Right now, the logic followed is match with any numeric chunk optionally if followed by only kgs or lbs but don't match if cbf, cd3, cbm, m3 etc. are found after the numeric chunk. It works perfectly for these sample cases :
s1 = "18300 kg 40344.6 lbs 25000 m3"
s2 = "18300kg 40344.6lbs 25000m3"
s3 = "18300 kg   KO"
s4 = "40344.6 lb5   "
s5 = "40344.6  "
I'm using re.finditer() with re.IGNORECASE flag, like this :
for s in [s1, s2, s3, s4, s5]:
    all_val = [i.group().strip() for i in re.finditer(cont_we_re, s, re.IGNORECASE)]
Gives me this output :
['18300 kg', '40344.6 lbs']
['18300kg', '40344.6lbs']
['18300 kg']
['40344.6 lb']
['40344.6']
Now I'm trying to implement another logic : if we find numeric chunk followed by lbs then match it with first priority and return only that match, but if not found lbs and found only numeric chunk or numeric chunk followed by kgs then take those.

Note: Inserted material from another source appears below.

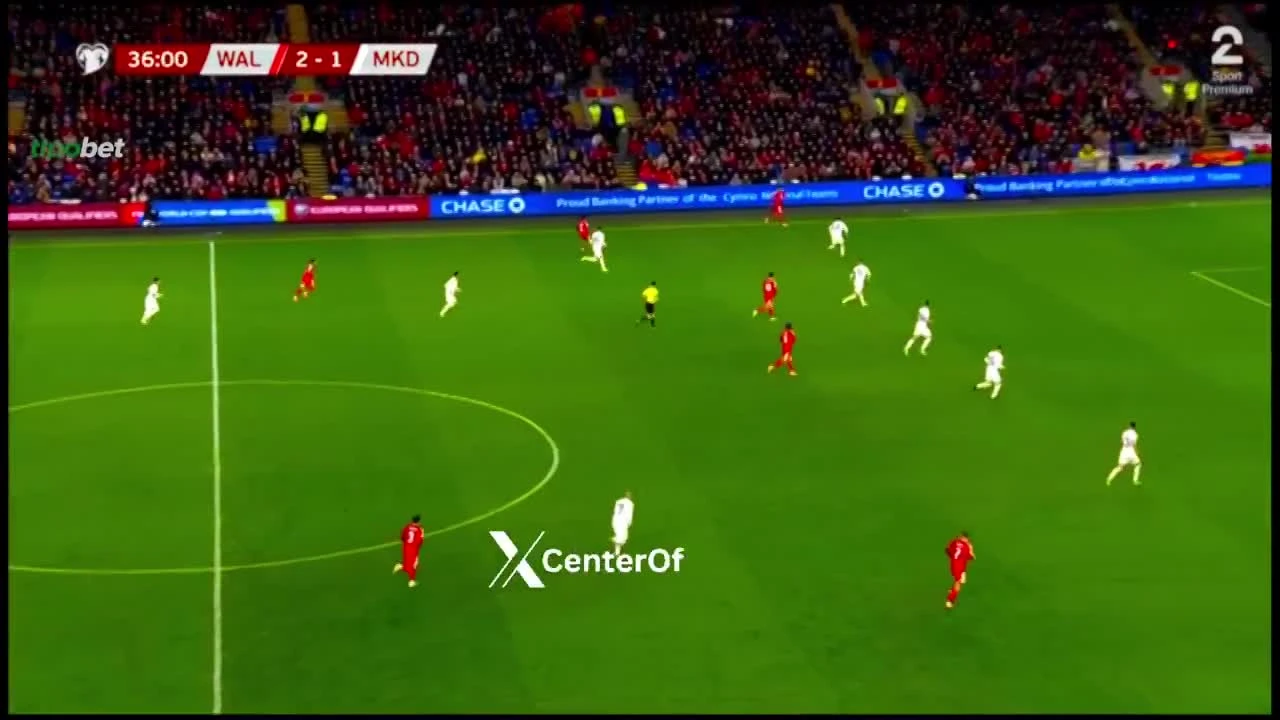 zaslepka skrotu video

I've done this without changing the regex, like this :
for s in [s1, s2, s3, s4, s5]:
    all_val = [i.group().strip() for i in re.finditer(cont_we_re, s, re.IGNORECASE)]
    kg_val = [i for i in all_val if re.findall(r"kg\.?s?", i)]

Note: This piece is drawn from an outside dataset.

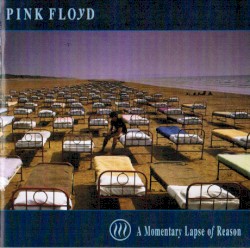A Momentary Lapse of Reason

    lb_val = [i for i in all_val if re.findall(r"lb\.?s?", i)]
    final_val = lb_val if lb_val else (kg_val if kg_val else list(set(all_val) - (set(kg_val+lb_val))))
This gives me the desired output (which is perfect) :
['40344.6 lbs']
['40344.6lbs']
['18300 kg']
['40344.6 lb']
['40344.6']
Question is how can I apply this same logic in the regex, without finding for kgs and lbs separately on each matched group by cont_we_re for each string. I tried "IF-THEN-ELSE" type regex as portrayed in this question but it doesn't work as the first part of the regex (? supposedly yields pattern error in python. Is there any way to do this with only cont_we_re regex?